TASK PROMPT
Starting at the line that contains "7 В Днепродзержинске" and ending at the line that contains "Property photo 3 of 7 Giraffe360-Still002", the lines below are to be given again exactly, with nothing added.

Top of ENTRIES SHOWN

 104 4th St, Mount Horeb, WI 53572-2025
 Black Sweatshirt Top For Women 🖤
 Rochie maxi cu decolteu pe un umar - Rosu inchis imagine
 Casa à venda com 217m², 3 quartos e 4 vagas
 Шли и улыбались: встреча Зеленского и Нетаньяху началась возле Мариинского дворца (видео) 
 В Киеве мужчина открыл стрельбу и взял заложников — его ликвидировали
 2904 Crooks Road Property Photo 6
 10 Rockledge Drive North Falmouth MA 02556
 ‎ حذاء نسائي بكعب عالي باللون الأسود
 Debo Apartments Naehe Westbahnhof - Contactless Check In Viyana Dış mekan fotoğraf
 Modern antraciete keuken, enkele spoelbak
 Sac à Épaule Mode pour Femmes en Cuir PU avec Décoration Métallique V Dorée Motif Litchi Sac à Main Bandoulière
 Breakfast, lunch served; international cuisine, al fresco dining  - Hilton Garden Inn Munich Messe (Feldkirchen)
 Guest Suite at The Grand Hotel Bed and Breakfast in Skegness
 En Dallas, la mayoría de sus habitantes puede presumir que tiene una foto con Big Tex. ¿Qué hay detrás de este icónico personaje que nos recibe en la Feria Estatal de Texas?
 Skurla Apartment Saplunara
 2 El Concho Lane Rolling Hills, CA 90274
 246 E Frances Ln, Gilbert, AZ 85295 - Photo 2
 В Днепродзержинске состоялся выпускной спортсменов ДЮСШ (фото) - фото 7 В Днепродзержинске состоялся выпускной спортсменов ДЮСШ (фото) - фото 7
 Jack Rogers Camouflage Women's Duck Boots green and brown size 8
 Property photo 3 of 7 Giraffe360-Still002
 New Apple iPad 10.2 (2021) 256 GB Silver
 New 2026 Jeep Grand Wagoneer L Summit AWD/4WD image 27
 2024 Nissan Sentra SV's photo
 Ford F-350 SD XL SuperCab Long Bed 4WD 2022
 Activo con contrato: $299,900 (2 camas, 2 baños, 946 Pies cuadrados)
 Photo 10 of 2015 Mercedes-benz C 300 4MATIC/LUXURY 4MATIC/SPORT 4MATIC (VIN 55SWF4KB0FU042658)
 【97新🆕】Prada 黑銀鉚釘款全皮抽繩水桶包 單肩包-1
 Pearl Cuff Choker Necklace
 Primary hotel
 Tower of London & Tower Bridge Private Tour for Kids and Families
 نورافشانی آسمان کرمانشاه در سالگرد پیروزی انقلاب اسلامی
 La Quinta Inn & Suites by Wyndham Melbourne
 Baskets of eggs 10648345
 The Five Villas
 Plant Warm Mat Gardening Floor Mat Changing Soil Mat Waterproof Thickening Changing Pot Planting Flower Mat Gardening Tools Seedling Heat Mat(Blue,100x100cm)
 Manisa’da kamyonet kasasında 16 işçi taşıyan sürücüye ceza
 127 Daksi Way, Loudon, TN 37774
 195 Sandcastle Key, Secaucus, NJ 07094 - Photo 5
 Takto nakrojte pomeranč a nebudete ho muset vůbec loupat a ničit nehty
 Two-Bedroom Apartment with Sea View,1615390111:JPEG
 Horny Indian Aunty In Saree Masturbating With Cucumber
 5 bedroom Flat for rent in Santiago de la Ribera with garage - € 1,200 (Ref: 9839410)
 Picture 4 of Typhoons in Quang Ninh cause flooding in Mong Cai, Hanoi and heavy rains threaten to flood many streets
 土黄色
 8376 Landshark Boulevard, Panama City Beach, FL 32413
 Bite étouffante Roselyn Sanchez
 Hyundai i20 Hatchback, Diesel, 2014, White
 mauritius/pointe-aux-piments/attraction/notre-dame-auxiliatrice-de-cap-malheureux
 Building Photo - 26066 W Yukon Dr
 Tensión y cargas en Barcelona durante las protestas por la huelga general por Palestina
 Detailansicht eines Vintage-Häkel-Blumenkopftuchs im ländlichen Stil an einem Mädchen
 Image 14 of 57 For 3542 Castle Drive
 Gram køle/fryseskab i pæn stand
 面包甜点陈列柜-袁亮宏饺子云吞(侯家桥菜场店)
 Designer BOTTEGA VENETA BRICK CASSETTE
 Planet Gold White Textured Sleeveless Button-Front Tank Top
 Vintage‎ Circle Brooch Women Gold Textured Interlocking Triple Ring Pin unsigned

Bottom of ENTRIES SHOWN

TASK OUTPUT
 В Днепродзержинске состоялся выпускной спортсменов ДЮСШ (фото) - фото 7 В Днепродзержинске состоялся выпускной спортсменов ДЮСШ (фото) - фото 7
 Jack Rogers Camouflage Women's Duck Boots green and brown size 8
 Property photo 3 of 7 Giraffe360-Still002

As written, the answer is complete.